Most scientists agree that a superintelligent AI to any extent cannot exhibit human emotions like hate or love, and there is no factual basis in expecting AI to become intentionally benevolent or malevolent. So what is the biggest fear? Experts consider two issues that might become a risk in a future scenario most likely: 

The AI programmed to do something devastating:

There are autonomous weapons, programmed to kill through an AI system. If these weapons fall into wrong hands it could easily create pandemonium and cause mass causalities. However, an AI arms wrestling can inadvertently lead to an AI war that may also cause mass causalities.

To avoid being manipulated by the enemy these weapons will be a complex design and will not be that easy to simply turn off if we press a button. So we humans could lose control of such a situation. This risk is still there with narrow AI but with growing intelligence levels of AI and autonomy the risk increases. 

The AI is programmed to do something beneficial, but develops a destructive measure to achieve its goals:

This can happen when we fail to sync our goals with the AI’s goals. A small mistake in programming or feeding in our expected outcomes may cause a big mishap. For example, if you ask a superintelligent AI-driven car to take you to your date location fast it will probably take you there chased by the police and you fainted or covered in puke.

It just did what you asked for not what and how you wanted. If a superintelligent AI is creating a super ambitious geoengineering project it might destroy havoc from our ecosystem as a side effect and any human attempt to stop it might look like a threat to meet. 

The above points illustrate the issues that might become a concern to us about the advanced AI system. AI is not malevolent but competent. Something like this will be very good at accomplishing its goals, and if their goal does not align with ours, then that is a problem for us. You might not be an ant-hater who steps upon it seeing an ant.

But if you are to construct a dam or spillway and an ant-hill is in your way that will get flooded, you will simply make the dam without even thinking about the ants. The main point of AI safety research is never to put humanity in the place of those ants.

THE TOP MYTHS ABOUT ADVANCED AI

Everything big comes with a series of myths, and there is no difference in the case of AI too. Several fascinating myths go around, and the world’s leading AI experts disagree with it. Such as AI’s future impact on the market or job when AI will take over every job that humans can do, and they would probably do it more efficiently and economically.

More controversies like this will lead us to an intelligence explosion we don’t know to fear or cherish it.
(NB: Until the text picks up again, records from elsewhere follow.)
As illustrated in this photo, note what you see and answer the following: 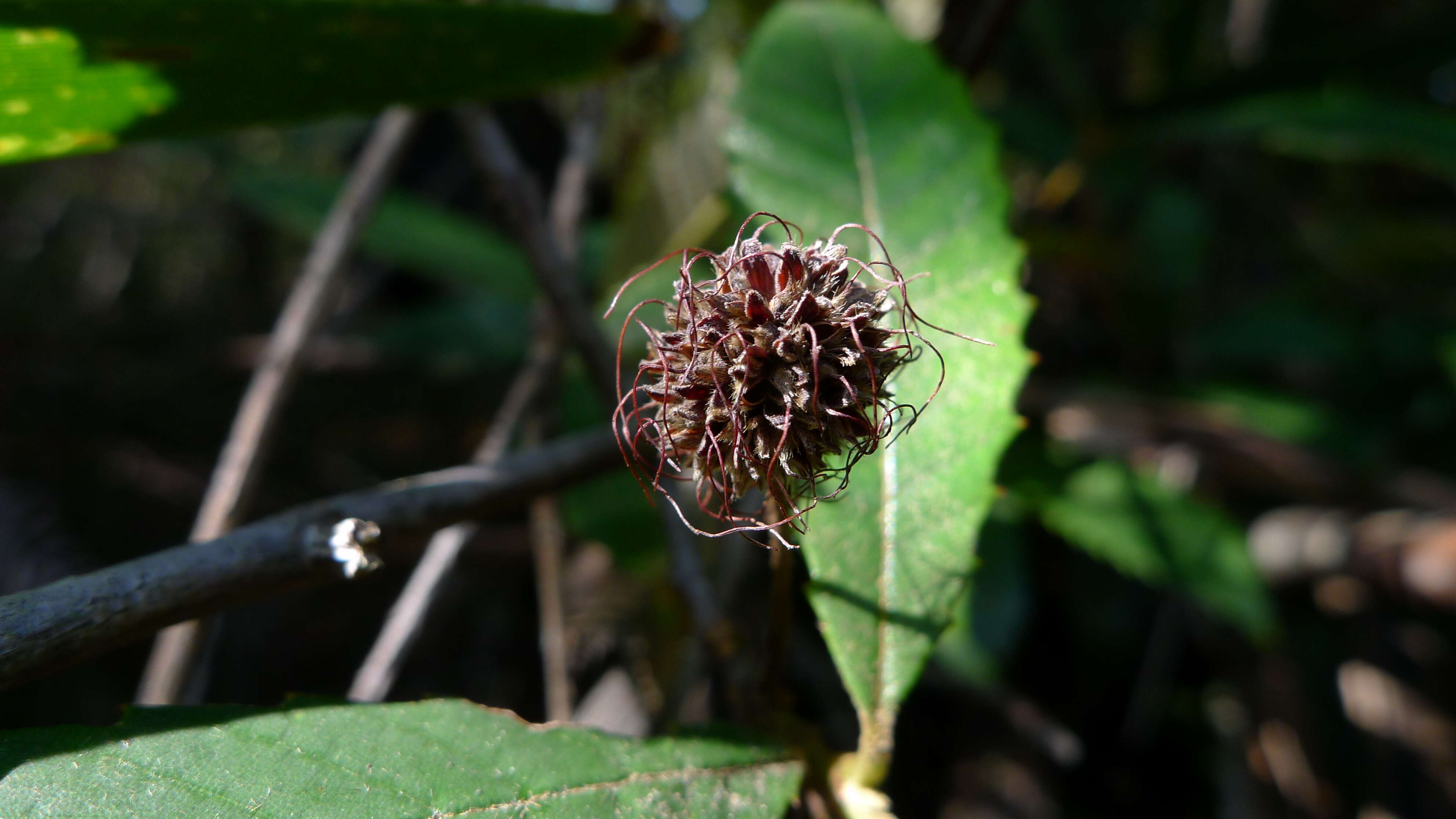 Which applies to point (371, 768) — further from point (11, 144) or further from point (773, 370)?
point (11, 144)

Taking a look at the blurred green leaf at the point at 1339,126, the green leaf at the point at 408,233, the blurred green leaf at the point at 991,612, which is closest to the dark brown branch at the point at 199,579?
the blurred green leaf at the point at 991,612

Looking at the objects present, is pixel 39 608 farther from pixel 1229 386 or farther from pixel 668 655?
pixel 1229 386

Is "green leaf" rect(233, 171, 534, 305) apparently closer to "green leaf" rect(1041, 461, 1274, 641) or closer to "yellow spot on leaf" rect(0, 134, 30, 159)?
"yellow spot on leaf" rect(0, 134, 30, 159)

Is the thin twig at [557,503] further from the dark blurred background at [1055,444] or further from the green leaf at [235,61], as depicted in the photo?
the green leaf at [235,61]

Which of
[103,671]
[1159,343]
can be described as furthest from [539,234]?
[1159,343]

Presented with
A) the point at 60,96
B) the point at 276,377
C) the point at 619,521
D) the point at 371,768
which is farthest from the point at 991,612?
the point at 60,96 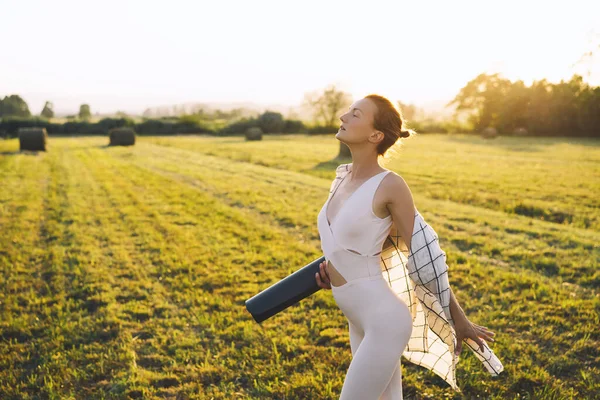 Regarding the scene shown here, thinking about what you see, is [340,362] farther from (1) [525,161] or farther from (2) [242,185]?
(1) [525,161]

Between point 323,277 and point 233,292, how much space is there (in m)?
3.23

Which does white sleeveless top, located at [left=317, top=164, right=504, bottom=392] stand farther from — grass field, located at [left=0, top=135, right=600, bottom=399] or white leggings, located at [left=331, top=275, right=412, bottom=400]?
grass field, located at [left=0, top=135, right=600, bottom=399]

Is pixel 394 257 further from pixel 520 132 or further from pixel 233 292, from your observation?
pixel 520 132

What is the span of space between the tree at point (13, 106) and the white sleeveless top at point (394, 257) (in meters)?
54.8

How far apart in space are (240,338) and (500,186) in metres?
10.3

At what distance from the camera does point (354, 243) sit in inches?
92.0

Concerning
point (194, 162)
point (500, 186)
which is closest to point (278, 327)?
point (500, 186)

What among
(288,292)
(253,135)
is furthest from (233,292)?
(253,135)

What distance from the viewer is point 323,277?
2553mm

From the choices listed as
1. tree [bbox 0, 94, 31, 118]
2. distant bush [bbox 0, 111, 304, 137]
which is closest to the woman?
distant bush [bbox 0, 111, 304, 137]

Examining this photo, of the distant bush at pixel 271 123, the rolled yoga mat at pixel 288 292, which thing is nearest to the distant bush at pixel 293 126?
the distant bush at pixel 271 123

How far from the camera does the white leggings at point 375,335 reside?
7.39 feet

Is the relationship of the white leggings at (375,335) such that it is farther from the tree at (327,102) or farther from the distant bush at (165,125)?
the tree at (327,102)

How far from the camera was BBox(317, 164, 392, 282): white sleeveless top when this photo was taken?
2.30 metres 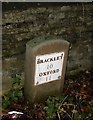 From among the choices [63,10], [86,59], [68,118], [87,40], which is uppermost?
[63,10]

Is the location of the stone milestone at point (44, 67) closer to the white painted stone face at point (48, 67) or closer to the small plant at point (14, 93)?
the white painted stone face at point (48, 67)

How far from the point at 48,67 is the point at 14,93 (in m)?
0.51

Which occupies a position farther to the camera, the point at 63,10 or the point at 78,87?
the point at 78,87

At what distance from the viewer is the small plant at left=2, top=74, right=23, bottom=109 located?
360 cm

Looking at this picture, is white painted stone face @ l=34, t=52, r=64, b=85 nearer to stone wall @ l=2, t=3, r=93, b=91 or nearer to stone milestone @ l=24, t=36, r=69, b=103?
stone milestone @ l=24, t=36, r=69, b=103

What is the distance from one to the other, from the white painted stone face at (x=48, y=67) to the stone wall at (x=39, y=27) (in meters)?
0.30

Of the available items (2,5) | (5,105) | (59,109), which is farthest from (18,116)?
(2,5)

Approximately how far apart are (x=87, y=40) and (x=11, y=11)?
1.25 metres

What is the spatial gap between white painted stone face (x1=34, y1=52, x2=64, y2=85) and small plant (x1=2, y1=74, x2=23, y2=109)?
27 cm

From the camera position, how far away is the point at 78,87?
163 inches

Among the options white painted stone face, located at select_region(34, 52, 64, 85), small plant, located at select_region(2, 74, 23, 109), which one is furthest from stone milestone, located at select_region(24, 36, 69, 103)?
small plant, located at select_region(2, 74, 23, 109)

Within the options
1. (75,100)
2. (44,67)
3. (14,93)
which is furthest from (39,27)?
(75,100)

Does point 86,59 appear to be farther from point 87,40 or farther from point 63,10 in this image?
point 63,10

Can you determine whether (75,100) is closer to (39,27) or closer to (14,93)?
(14,93) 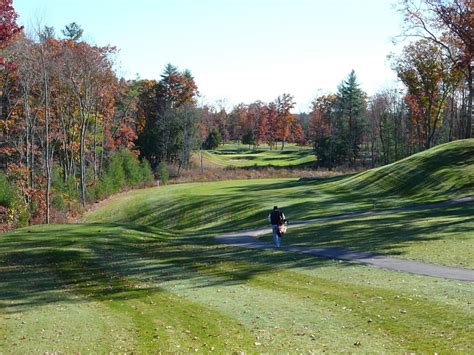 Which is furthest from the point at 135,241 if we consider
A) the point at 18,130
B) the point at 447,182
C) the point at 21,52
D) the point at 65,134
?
the point at 65,134

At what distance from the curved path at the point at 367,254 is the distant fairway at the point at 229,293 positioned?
0.79 metres

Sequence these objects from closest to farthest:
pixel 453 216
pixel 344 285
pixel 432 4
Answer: pixel 344 285, pixel 453 216, pixel 432 4

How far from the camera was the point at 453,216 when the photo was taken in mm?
28938

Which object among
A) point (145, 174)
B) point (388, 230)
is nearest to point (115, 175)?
point (145, 174)

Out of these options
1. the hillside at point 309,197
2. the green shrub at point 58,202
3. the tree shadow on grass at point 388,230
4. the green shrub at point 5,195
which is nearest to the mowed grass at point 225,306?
the tree shadow on grass at point 388,230

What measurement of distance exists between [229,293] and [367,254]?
7732 millimetres

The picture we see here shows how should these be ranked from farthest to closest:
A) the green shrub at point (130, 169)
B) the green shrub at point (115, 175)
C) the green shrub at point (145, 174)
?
the green shrub at point (145, 174) → the green shrub at point (130, 169) → the green shrub at point (115, 175)

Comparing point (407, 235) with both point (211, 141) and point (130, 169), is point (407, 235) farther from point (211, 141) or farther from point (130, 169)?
point (211, 141)

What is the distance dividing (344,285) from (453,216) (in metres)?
15.0

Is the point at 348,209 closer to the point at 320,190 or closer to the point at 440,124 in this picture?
the point at 320,190

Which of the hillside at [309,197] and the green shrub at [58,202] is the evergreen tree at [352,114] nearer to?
the hillside at [309,197]

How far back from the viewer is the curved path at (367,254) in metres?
17.6

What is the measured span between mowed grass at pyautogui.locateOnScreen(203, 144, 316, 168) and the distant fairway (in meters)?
72.2

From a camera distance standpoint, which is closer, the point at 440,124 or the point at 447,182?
the point at 447,182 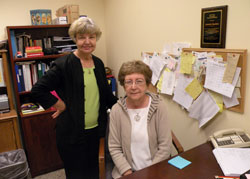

So here we have tried to take on some very silly and pseudo controversies that are just a result of rumors and less or false information on this topic. Let’s bust some myths:

TIMELINE MYTHS

The prime myth regards the timeline: how long will it take until machines greatly surpass human-level intelligence? A common myth is that we know the answer with great certainty.

One popular misconception is that we know we’ll get superhuman AI in this century. History is full of technological hyping and this is the case here. For example, where are those fusion power plants and flying cars we thought we’d have by now? AI has also been simultaneously over-hyped in the past, even by some of the researchers of the field.

For example, John McCarthy (who coined the term “artificial intelligence”), Marvin Minsky, Nathaniel Rochester, and Claude Shannon brought this overly optimistic forecast about what could they accomplish during two months with stone-age computers: “We propose that a 2 month, 10 man study of artificial intelligence be carried out during the summer of 1956 at Dartmouth College. An attempt will be made to find how to make machines use language, form abstractions and concepts, solve kinds of problems now reserved for humans, and improve themselves. We think that a significant advance can be made in one or more of these problems if a carefully selected group of scientists work on it together for a summer.”

On the flip side, a popular counter-myth is that we know it is impossible to invent superhuman AI this century. Researchers have made a broad range of estimates for the decades that we are away from superhuman AI but, we certainly can’t say with great confidence that the possibility is null in this century, keeping in mind the dismal track record of such techno-skeptic predictions.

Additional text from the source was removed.